▶ _Supplied material_:
'''

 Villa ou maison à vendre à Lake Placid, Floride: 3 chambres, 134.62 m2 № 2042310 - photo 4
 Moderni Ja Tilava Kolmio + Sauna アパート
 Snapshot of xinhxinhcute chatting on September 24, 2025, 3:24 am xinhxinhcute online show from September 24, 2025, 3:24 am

'''
'''

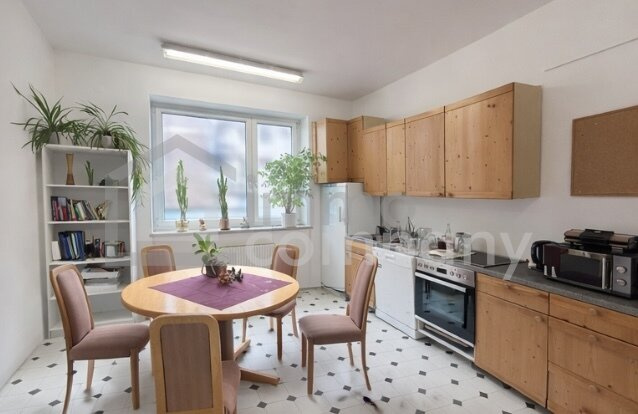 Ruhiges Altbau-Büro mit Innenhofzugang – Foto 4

'''
'''

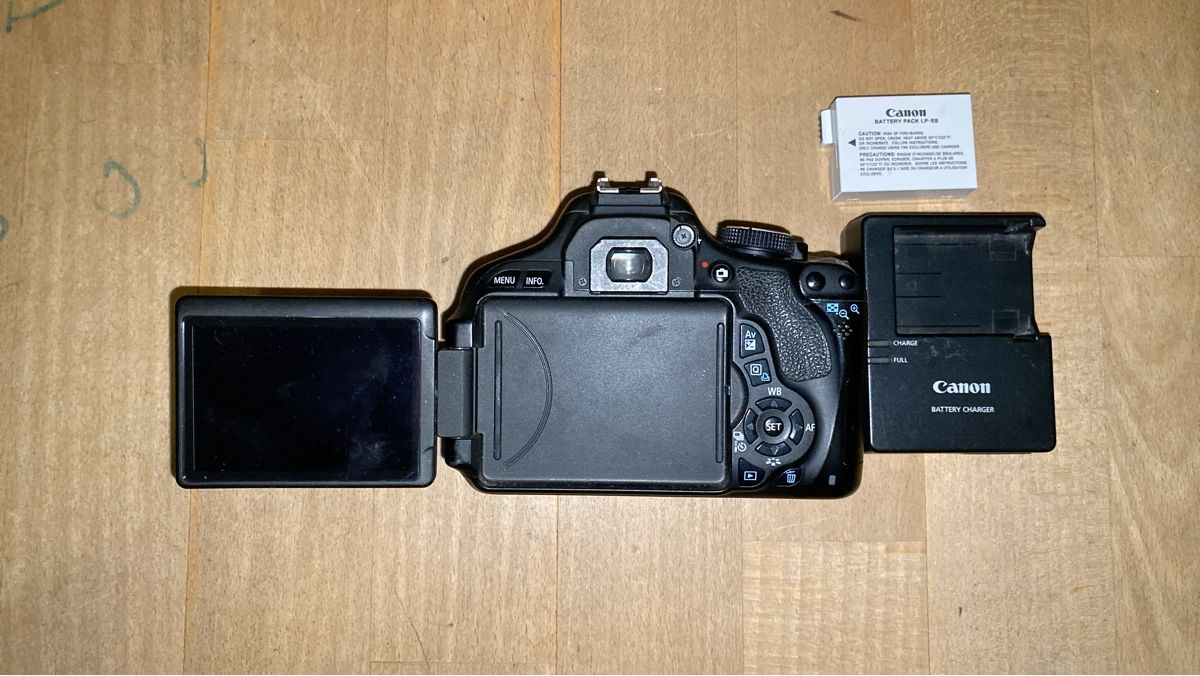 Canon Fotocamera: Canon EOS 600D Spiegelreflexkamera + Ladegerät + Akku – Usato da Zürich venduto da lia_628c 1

'''

Print again the lines of the entries above that fall between the line holding "Villa ou maison" and the line holding "Snapshot of xinhxinhcute", inclusive, exactly as they stand.

 Villa ou maison à vendre à Lake Placid, Floride: 3 chambres, 134.62 m2 № 2042310 - photo 4
 Moderni Ja Tilava Kolmio + Sauna アパート
 Snapshot of xinhxinhcute chatting on September 24, 2025, 3:24 am xinhxinhcute online show from September 24, 2025, 3:24 am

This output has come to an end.